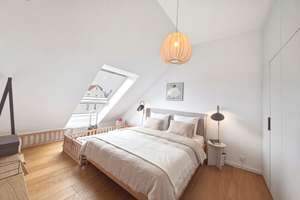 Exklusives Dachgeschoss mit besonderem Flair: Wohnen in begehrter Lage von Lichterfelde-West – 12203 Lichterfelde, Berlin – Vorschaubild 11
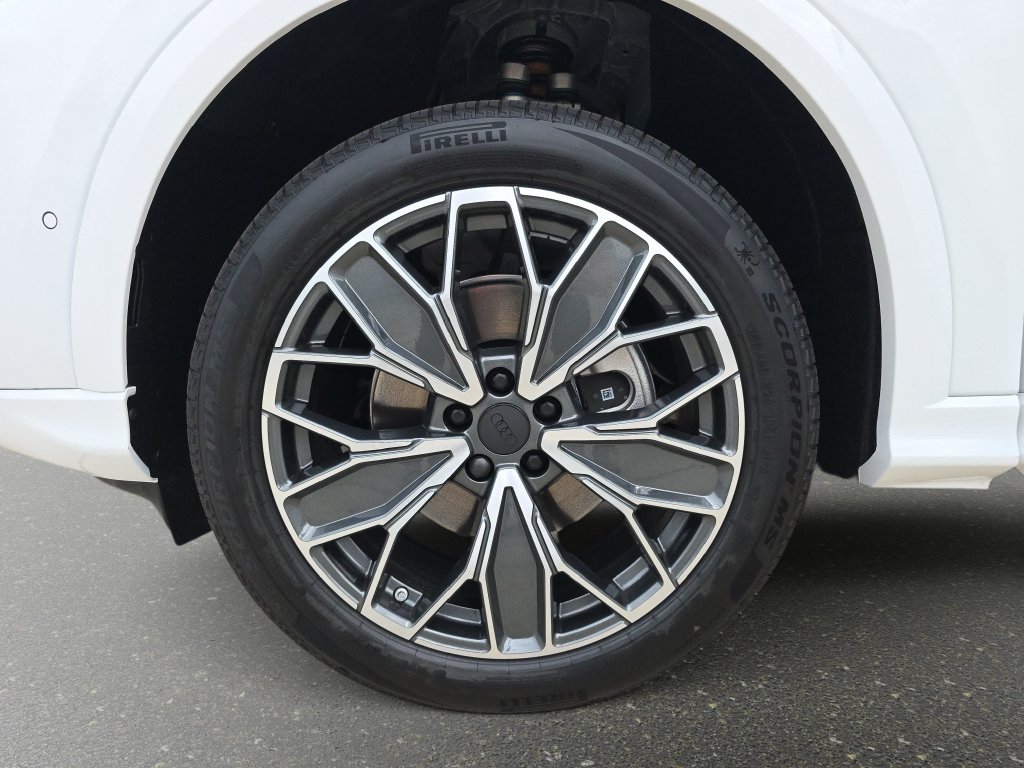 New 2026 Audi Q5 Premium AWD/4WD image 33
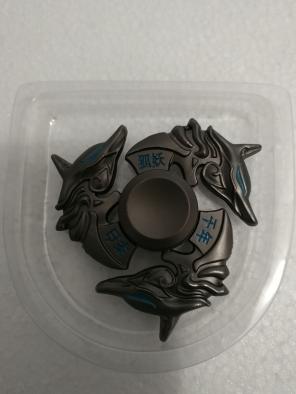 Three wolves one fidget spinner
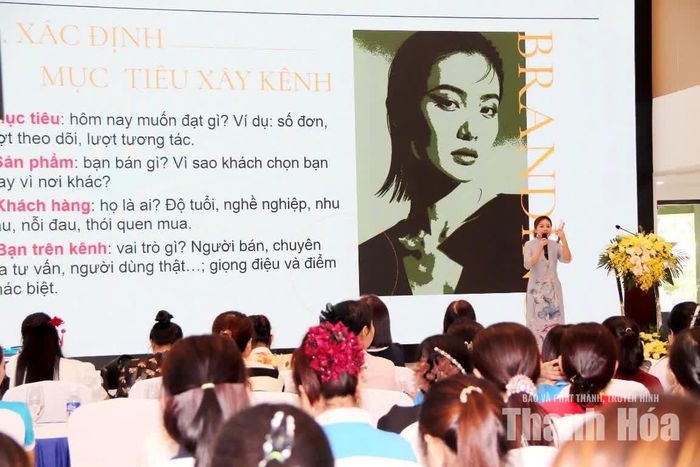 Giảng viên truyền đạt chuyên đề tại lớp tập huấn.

● What needs to be done:
None of the pictures should be carried over when the data above is transcribed exactly.

● Answer space:
 Exklusives Dachgeschoss mit besonderem Flair: Wohnen in begehrter Lage von Lichterfelde-West – 12203 Lichterfelde, Berlin – Vorschaubild 11
 New 2026 Audi Q5 Premium AWD/4WD image 33
 Three wolves one fidget spinner
 Giảng viên truyền đạt chuyên đề tại lớp tập huấn.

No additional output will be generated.